What the task asks - Although the entries contain pictures, only their text goes into the copy, set down exactly.
....................
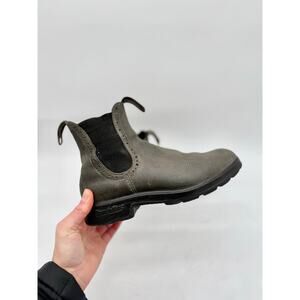 Blundstone Rustic Black Leather Pull-On Ankle Chelsea Boots Women's Size 6.5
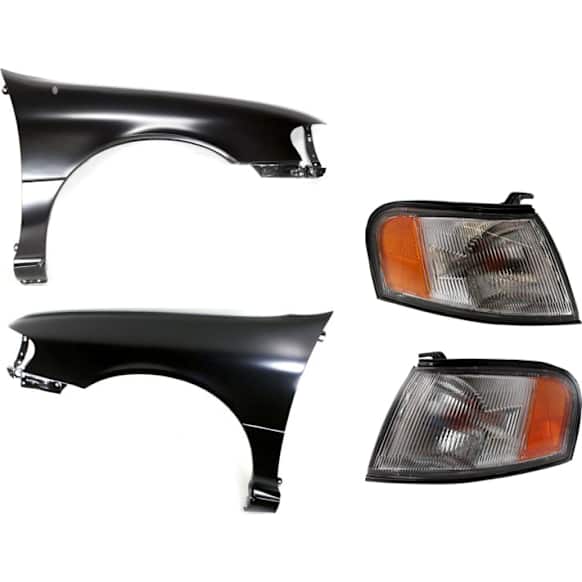 4-Piece Kit, Front, Driver and Passenger Side Fender, Includes (2) Corner Light and (2) Fender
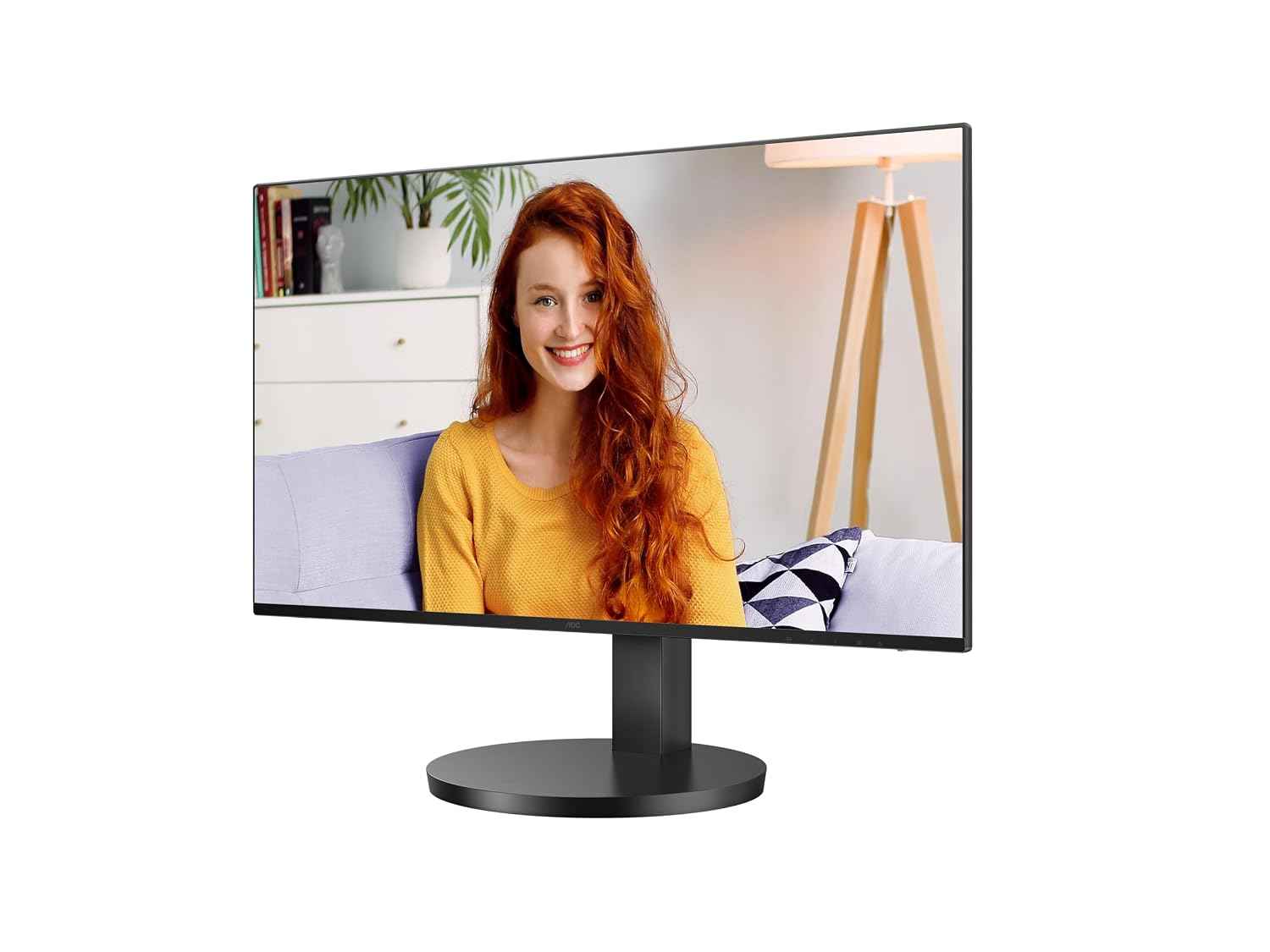 AOC 24B3CF2 23.8″ Full HD IPS Monitor – Black | USB-C with 65W Power Delivery|Adjustable Height|1ms Response|120Hz Refresh & Adaptive Sync – USB-Hub & Built-in Speakers|Ideal for Office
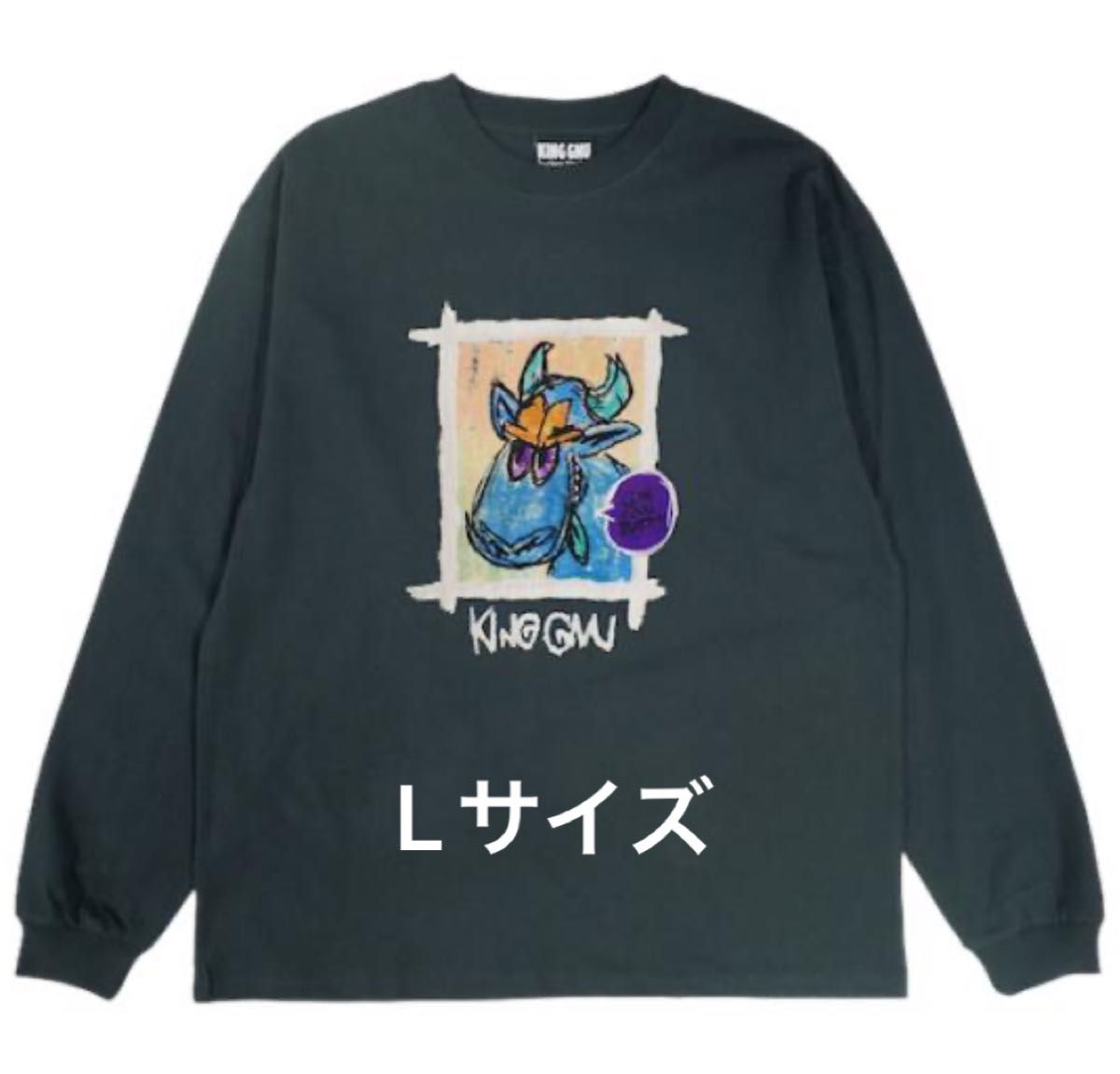 king Gnu GNU FRIENDS LONG SLEEVE TEE BLACK ロンT 長袖Tシャツ L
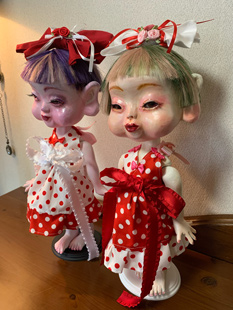 「赤白レトロガールズ(ペア)」丸緒らん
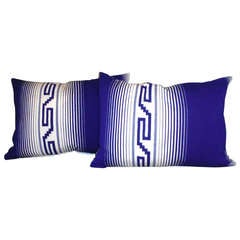 Pair of Mexican Indian Tex Coco Weaving Bolster Pillows 12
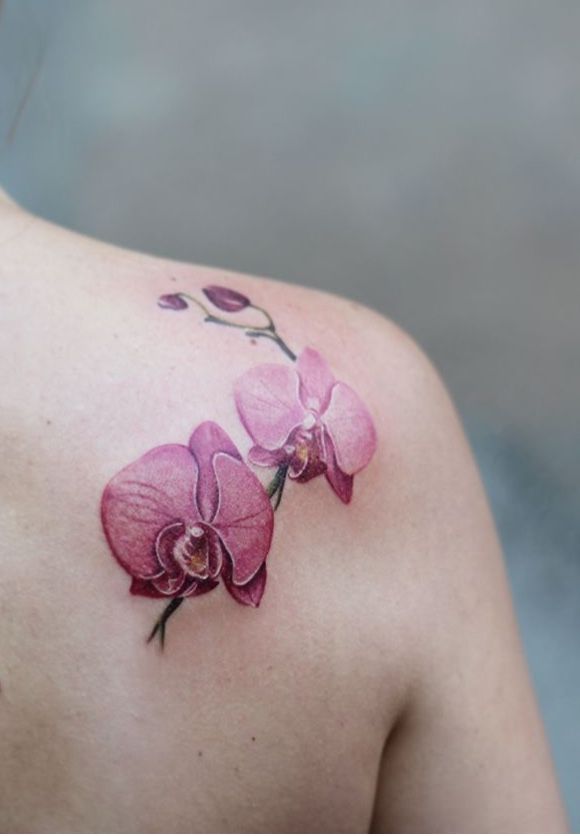 tatuaje de orquidea 91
....................
Response to this exercise -
 Blundstone Rustic Black Leather Pull-On Ankle Chelsea Boots Women's Size 6.5
 4-Piece Kit, Front, Driver and Passenger Side Fender, Includes (2) Corner Light and (2) Fender
 AOC 24B3CF2 23.8″ Full HD IPS Monitor – Black | USB-C with 65W Power Delivery|Adjustable Height|1ms Response|120Hz Refresh & Adaptive Sync – USB-Hub & Built-in Speakers|Ideal for Office
 king Gnu GNU FRIENDS LONG SLEEVE TEE BLACK ロンT 長袖Tシャツ L
 「赤白レトロガールズ(ペア)」丸緒らん
 Pair of Mexican Indian Tex Coco Weaving Bolster Pillows 12
 tatuaje de orquidea 91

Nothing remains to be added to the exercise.